<<<<

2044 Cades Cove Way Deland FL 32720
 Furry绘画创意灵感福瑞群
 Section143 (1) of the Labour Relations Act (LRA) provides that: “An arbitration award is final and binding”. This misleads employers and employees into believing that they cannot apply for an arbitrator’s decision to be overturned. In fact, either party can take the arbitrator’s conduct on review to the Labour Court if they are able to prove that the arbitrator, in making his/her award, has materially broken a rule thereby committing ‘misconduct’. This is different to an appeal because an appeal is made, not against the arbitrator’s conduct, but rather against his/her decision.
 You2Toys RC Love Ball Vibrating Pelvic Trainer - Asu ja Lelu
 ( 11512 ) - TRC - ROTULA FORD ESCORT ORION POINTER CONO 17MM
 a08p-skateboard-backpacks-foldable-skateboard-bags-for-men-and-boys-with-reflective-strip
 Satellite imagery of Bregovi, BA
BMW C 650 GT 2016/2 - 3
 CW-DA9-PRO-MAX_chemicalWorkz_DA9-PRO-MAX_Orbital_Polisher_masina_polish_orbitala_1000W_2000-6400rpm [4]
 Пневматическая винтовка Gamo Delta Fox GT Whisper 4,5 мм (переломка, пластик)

>>>>

> **Exercise instructions**: Retype exactly the lines of the data above that fall between the line with "You2Toys RC Love" and the line with "BMW C 650 GT 2016/2 - 3", inclusive, and add nothing.

> **Response below**:
 You2Toys RC Love Ball Vibrating Pelvic Trainer - Asu ja Lelu
 ( 11512 ) - TRC - ROTULA FORD ESCORT ORION POINTER CONO 17MM
 a08p-skateboard-backpacks-foldable-skateboard-bags-for-men-and-boys-with-reflective-strip
 Satellite imagery of Bregovi, BA
BMW C 650 GT 2016/2 - 3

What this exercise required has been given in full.